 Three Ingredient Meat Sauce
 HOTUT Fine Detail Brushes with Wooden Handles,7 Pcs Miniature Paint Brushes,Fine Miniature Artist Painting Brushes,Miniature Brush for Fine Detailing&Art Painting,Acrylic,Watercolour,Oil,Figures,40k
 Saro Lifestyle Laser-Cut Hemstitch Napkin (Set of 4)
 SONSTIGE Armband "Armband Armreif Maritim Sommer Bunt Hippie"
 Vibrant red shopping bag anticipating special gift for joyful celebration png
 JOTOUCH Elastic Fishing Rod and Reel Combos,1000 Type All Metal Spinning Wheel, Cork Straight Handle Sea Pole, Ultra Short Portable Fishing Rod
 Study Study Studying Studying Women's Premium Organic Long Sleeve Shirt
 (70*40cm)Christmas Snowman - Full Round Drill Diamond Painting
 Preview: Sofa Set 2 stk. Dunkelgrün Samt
---
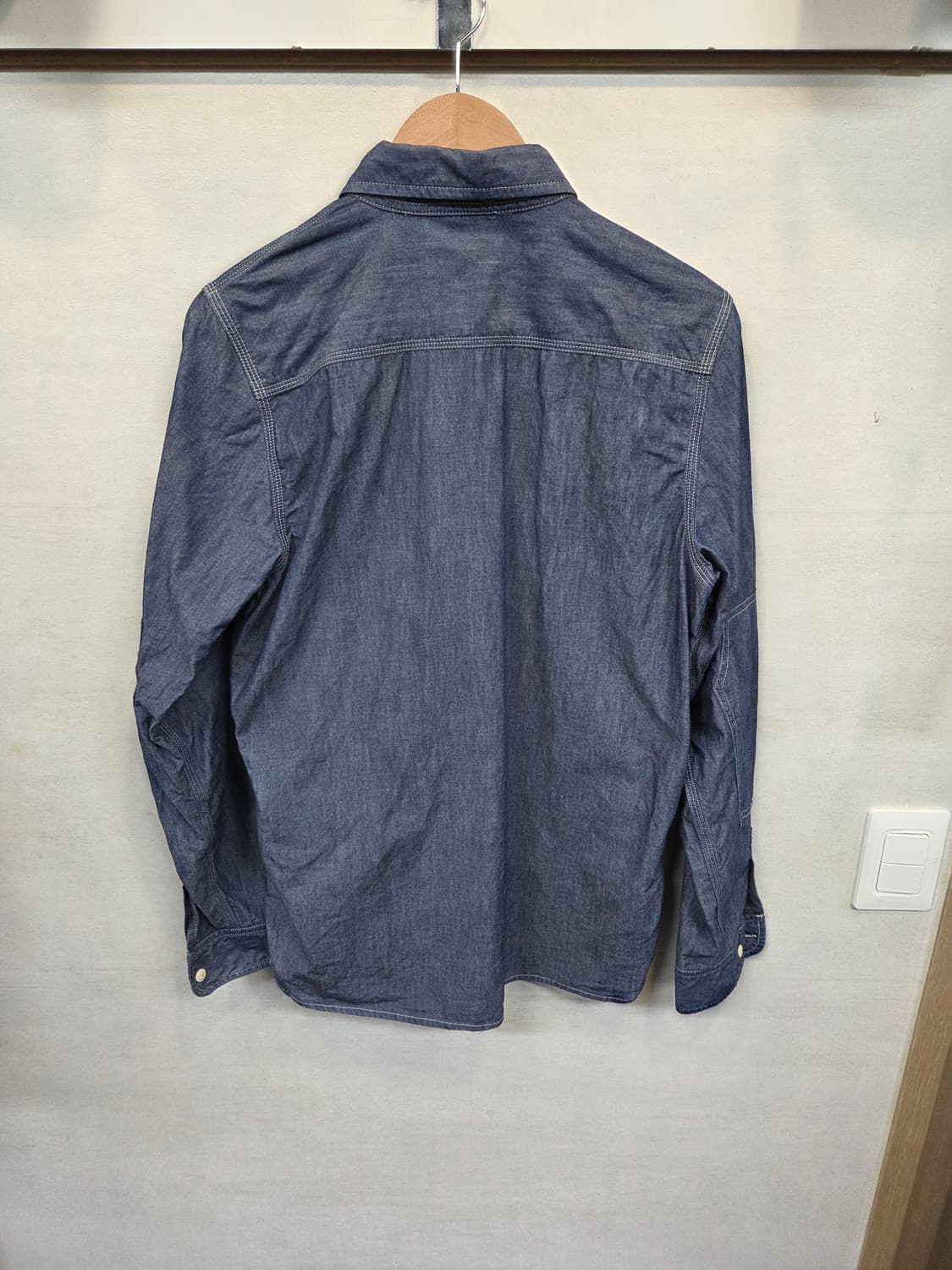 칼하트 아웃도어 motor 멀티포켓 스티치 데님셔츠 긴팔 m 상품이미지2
==
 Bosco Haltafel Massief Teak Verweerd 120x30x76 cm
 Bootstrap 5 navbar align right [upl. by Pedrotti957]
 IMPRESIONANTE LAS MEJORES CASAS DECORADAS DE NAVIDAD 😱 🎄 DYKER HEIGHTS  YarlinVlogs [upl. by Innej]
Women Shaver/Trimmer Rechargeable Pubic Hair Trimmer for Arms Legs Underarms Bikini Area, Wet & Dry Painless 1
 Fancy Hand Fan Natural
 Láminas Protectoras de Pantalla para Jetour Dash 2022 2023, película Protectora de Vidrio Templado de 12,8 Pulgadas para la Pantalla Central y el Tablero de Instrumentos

*YOUR OBJECTIVE*: Lines containing the word "Women" must be found in the data above and copied.

*FINISHED EXERCISE*:
 Study Study Studying Studying Women's Premium Organic Long Sleeve Shirt
Women Shaver/Trimmer Rechargeable Pubic Hair Trimmer for Arms Legs Underarms Bikini Area, Wet & Dry Painless 1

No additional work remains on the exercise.